“From what we discussed, Mugabe said he is tired and wants to retire but he cannot do so now because ZANU-PF would die,” Enos Nkala, a former minister of defence in Mugabe’s late-1980s government, told The Standard newspaper after meeting with the 88-year-old president on Friday.
“He cannot leave when the party is in such a state. What is holding him now is managing and containing ZANU-PF to prevent it from disintegrating,” Nkala added.
Mugabe’s spokesperson was not immediately available to comment on Nkala’s statements.
Nkala, who has been a staunch critic of Mugabe in recent years, met with him privately for an hour in Bulawayo, 430 kilometres (270 miles) southwest of the capital Harare, The Standard said.

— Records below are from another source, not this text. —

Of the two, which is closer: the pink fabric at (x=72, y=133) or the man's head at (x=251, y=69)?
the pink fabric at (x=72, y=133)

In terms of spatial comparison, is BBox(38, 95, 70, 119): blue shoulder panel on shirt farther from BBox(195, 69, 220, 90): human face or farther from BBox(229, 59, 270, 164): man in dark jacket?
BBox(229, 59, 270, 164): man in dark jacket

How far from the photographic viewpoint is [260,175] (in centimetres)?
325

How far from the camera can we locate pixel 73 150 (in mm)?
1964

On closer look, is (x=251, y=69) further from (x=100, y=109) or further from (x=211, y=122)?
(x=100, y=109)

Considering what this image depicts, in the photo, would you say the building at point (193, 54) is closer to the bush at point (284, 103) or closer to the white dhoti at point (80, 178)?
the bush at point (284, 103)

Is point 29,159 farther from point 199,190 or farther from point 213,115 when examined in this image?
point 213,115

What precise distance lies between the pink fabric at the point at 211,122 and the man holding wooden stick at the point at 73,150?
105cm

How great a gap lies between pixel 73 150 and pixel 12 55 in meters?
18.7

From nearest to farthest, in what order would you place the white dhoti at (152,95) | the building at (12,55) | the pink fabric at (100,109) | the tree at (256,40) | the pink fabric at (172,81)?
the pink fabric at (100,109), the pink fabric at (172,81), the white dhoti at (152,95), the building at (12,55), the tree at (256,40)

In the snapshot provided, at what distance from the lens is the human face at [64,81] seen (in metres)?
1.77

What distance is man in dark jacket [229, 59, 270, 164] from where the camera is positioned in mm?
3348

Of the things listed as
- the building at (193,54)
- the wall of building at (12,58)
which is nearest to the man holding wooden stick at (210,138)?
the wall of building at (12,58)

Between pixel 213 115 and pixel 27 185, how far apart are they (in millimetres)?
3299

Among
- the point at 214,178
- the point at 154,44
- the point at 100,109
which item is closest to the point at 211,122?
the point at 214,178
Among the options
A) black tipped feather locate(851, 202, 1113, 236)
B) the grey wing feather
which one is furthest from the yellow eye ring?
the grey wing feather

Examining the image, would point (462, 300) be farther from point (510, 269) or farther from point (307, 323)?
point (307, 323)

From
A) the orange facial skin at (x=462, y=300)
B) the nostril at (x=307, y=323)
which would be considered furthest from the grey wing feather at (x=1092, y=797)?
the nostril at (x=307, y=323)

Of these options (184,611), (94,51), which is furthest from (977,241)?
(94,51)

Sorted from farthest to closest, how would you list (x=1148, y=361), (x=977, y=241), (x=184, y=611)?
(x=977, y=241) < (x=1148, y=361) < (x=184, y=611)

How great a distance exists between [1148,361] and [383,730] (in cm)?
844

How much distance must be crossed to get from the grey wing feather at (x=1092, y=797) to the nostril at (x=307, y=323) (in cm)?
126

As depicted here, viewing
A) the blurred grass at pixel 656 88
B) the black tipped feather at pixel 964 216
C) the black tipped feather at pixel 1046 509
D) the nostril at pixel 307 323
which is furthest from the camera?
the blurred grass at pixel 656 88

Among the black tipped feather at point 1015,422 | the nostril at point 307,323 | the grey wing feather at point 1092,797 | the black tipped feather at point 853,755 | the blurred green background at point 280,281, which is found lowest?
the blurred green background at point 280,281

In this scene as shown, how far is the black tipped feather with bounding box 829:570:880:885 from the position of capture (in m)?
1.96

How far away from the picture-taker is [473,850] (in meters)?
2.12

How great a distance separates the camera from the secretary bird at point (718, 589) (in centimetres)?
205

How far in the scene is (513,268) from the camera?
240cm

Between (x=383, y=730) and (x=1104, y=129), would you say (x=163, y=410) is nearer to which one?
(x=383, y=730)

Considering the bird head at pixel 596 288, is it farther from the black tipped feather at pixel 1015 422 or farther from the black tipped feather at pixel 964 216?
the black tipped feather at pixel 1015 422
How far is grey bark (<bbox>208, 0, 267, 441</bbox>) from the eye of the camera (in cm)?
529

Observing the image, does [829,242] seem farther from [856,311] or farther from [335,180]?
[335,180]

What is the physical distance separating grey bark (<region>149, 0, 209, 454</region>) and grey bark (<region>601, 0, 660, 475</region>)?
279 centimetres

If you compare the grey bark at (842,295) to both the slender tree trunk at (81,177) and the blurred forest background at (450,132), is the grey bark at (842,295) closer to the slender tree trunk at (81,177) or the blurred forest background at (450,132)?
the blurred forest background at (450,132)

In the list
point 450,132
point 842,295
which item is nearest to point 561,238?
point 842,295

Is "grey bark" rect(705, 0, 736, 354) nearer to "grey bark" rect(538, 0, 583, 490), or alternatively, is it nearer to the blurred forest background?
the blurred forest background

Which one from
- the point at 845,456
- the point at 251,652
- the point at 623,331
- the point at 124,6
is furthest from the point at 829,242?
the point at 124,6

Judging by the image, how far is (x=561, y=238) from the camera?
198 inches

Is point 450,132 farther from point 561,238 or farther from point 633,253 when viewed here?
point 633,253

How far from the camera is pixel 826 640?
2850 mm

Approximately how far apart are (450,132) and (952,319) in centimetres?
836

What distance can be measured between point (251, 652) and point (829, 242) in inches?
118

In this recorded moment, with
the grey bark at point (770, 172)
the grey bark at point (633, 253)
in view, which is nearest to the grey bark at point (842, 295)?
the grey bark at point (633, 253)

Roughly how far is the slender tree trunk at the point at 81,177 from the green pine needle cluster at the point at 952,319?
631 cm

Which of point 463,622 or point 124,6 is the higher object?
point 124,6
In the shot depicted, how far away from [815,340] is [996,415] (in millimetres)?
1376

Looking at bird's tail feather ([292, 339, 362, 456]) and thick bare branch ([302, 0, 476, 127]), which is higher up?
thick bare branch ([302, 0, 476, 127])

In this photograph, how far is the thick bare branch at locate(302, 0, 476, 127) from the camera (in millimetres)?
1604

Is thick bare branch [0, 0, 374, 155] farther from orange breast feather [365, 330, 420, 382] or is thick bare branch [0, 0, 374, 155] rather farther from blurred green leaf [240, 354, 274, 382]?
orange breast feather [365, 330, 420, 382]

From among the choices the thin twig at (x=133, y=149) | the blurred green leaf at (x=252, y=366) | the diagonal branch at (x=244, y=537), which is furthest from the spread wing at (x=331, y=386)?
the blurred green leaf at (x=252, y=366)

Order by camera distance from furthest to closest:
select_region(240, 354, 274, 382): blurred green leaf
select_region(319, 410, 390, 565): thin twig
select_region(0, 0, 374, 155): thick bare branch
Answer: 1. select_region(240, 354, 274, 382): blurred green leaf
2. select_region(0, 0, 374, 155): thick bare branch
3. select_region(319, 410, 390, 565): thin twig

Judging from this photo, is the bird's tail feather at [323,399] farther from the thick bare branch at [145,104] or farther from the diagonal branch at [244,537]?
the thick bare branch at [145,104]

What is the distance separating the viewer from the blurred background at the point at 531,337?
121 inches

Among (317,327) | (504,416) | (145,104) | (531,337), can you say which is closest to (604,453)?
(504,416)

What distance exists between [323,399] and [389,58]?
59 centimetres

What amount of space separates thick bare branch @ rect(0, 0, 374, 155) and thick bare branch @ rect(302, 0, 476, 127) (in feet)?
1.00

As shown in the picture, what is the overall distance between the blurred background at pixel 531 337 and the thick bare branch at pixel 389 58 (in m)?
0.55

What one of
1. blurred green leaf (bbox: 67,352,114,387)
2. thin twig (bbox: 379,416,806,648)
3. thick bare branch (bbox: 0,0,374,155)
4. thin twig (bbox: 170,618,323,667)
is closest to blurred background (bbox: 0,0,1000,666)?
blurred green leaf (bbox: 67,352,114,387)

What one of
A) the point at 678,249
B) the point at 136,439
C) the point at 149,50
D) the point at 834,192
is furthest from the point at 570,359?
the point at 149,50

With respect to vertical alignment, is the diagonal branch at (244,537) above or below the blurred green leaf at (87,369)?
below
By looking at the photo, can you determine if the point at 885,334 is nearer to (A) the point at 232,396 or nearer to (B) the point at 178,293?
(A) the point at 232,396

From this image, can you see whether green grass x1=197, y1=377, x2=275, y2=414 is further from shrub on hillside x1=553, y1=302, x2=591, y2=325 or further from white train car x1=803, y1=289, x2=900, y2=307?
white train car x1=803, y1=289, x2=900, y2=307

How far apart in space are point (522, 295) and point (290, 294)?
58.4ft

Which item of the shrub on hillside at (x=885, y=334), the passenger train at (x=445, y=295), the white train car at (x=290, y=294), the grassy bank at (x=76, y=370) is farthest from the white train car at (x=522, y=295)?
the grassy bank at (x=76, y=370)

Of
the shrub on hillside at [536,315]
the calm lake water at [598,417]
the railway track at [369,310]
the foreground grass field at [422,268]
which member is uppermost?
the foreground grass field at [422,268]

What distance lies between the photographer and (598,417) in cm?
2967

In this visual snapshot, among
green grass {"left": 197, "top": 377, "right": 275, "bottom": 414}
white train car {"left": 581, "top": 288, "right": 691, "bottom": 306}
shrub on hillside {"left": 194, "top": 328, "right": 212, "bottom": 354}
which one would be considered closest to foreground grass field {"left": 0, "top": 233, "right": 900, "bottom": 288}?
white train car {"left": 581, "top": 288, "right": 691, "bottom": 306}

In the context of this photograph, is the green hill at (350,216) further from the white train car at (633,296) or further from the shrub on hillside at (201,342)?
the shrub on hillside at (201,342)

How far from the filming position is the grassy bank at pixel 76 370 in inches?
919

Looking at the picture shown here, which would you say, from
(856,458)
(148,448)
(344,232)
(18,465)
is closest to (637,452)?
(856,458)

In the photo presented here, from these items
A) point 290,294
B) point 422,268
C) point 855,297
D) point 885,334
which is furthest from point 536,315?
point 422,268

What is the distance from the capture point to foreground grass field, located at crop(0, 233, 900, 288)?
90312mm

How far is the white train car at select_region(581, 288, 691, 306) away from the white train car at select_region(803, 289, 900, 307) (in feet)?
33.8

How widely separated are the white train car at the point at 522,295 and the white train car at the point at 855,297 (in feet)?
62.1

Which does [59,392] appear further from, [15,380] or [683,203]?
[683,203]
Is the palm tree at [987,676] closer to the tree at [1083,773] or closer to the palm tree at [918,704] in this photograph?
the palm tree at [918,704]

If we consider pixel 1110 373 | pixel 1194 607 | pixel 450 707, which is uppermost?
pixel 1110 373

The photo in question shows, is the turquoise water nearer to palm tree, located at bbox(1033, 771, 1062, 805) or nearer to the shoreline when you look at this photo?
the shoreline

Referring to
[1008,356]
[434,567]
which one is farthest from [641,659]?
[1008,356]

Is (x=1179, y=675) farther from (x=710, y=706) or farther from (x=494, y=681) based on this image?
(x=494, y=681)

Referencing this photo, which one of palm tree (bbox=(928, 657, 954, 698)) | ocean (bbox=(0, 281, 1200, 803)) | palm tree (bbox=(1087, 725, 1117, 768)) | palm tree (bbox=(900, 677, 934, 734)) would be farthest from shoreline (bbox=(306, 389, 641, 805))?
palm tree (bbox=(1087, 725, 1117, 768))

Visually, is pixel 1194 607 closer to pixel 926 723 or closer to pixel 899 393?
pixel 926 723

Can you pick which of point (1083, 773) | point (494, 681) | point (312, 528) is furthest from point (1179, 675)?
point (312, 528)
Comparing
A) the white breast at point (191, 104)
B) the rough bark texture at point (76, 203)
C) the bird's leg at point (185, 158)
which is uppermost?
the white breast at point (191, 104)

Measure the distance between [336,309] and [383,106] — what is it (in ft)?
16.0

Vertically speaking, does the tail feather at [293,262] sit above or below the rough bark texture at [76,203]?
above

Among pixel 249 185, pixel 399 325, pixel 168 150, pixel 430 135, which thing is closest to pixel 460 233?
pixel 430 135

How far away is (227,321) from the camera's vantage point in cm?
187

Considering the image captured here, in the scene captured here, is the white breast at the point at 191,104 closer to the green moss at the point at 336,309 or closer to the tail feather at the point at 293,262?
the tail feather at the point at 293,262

Nkala warned that Mugabe’s succession remains a delicate issue that if not handled carefully might result in “chaos or civil war”.
“It’s easy for people to say Mugabe must go, Mugabe must go, but most don’t know that he is the glue that has been holding this country together,” he said.
Mugabe, who has ruled the southern African country since independence in 1980, has already been endorsed by his party to stand as a candidate in elections expected after the end of a power-sharing government formed in 2009 in the wake of disputed elections.
He and his top rival, Prime Minister Morgan Tsvangirai, have been haggling over when new elections can be held. Mugabe wants to exit the power-sharing deal as soon as possible, while Tsvangirai insists key reforms be implemented first.
Mugabe has been at the centre of a swirl of reports that he is in failing health.
Mugabe and his top officials have repeatedly denied that he has prostate cancer following a leaked 2008 US diplomatic cable in which Reserve Bank Governor Gideon Gono said he had the disease and that it had spread through his body.